I'm really annoyed right now at (surprise!) BYU.
There was supposed to be a "discussion" on gay marriage on campus this morning. The BYU Democrats (yes, they do exist) and BYU Republicans were going to "discuss" gay marriage (because obviously there is no room for debate on the issue, because a bunch of old, cranky, white men say so). I was excited to attend because this is the first time anything like this has happened here. Two of my friends were even going to be on the panel as pro-gay marriage advocates.
But, of course, in typical BYU fashion, the whole thing has been caught up in bureaucratic red tape.
First, they announce that the event has been "postponed until further notice." This can only mean that BYU won't allow the event to take place in its current form on campus.
Then, on the Facebook event page, they have since changed the name from "Panel Discussion: Homosexuality & Gay Marriage" to the vague and broad "Panel Discussion: Contemporary Issues." This was clearly done in order to appease BYU (cause here, homosexuality and gay marriage are like naughty, four-letter words).
Finally, the group announces that, in order to attend, you MUST be a member of either BYU Democrats or BYU Republicans. I don't know why this annoyed me so much. Maybe because it excludes me from attending, as I am not a member of either group.

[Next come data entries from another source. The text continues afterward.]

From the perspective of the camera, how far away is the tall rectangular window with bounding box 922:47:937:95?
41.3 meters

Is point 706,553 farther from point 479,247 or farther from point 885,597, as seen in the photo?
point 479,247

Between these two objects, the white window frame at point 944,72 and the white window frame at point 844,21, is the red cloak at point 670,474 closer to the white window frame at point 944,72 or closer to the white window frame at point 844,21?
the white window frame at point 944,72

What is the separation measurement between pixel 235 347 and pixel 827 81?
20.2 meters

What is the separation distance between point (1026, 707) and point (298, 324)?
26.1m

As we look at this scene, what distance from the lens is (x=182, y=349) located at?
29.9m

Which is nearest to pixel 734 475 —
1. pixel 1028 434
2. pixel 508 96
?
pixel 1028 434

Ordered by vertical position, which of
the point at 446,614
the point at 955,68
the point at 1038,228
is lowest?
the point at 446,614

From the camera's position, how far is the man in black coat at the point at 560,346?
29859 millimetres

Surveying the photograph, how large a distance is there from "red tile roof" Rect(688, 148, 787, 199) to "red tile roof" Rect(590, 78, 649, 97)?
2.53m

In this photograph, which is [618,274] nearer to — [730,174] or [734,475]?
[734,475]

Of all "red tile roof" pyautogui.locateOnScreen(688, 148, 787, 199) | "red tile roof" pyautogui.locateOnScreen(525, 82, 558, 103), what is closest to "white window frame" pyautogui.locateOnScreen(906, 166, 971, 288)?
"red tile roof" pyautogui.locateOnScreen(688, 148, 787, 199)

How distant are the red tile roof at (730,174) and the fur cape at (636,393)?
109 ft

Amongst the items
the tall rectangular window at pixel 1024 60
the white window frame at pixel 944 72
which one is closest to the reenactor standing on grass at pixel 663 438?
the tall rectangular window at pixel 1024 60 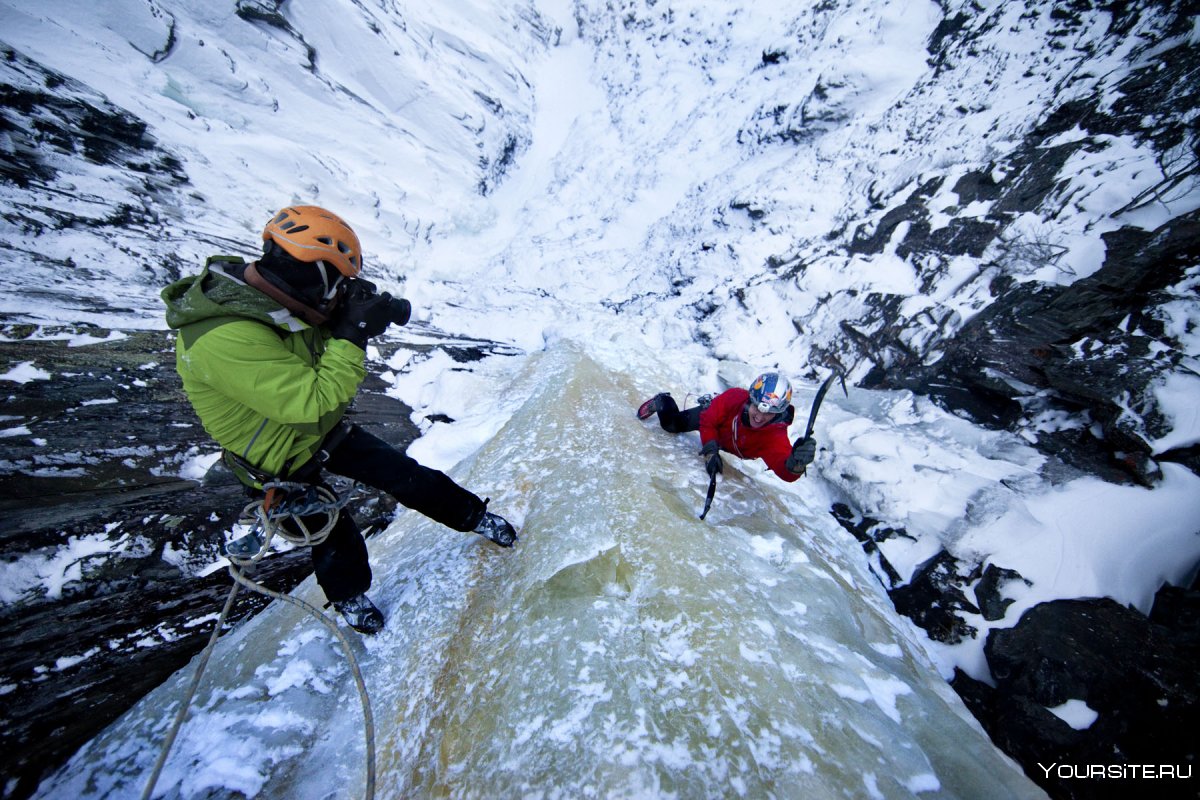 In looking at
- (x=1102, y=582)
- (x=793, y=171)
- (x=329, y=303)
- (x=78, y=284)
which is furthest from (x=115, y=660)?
(x=793, y=171)

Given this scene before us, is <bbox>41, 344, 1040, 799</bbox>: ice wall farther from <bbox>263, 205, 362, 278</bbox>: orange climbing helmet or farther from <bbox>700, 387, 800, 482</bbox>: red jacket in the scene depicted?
<bbox>263, 205, 362, 278</bbox>: orange climbing helmet

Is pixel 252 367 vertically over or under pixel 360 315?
under

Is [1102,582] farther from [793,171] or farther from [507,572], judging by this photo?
[793,171]

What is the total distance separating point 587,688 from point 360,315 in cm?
227

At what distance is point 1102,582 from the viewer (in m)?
3.13

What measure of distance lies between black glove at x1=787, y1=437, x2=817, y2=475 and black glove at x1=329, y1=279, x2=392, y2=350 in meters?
3.43

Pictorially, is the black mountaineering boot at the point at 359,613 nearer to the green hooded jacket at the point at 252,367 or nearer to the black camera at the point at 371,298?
the green hooded jacket at the point at 252,367

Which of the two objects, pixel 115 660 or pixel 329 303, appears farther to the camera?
pixel 115 660

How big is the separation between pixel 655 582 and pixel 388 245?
1575 centimetres

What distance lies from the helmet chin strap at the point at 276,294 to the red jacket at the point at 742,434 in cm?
347

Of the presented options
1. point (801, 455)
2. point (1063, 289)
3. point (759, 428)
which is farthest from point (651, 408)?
point (1063, 289)

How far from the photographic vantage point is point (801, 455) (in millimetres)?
3707

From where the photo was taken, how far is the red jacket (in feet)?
13.2

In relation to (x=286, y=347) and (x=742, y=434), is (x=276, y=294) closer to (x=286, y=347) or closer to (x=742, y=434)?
(x=286, y=347) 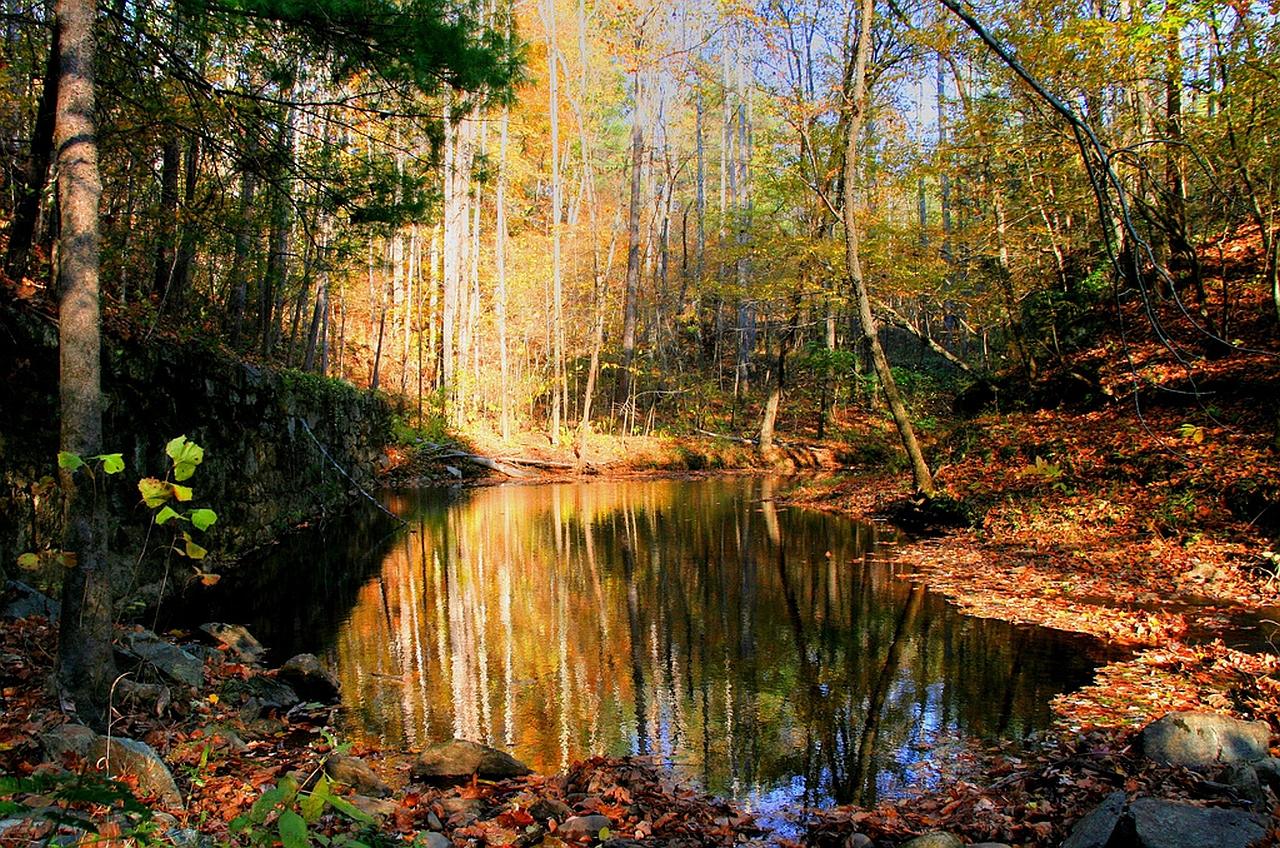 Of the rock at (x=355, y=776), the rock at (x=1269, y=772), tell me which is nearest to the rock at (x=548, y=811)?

This is why BYU annoys me so much. They don't allow anything to happen on campus, unless it fits within their model of a "perfect" school. This happens every year during BYUSA elections. The candidates' platforms have to be approved in advance by the administration. Then, during their tenure, they only do what the administration tells them to do. Sounds a bit autocratic, huh? That's BYU for you.
Heaven forbid that people have different views on life. In my opinion, there is no good argument against gay marriage. Most arguments that I've heard are from a religious standpoint. "It's against God's word." "The Bible condemns it." "Modern revelation blah blah blah." These arguments are no good. When you use these arguments, you are forcing your own religious views on other people, who probably do not believe the way you do. The LDS faith promotes the ability of ALL people to "worship how, where, or what they may" (Articles of Faith, v.11). When you tell someone that they cannot do something based on a religious tenet, you are forcing your own religious views on them, thereby removing their own ability to choose how to live their life.
Anyway, I'll get off my soapbox now.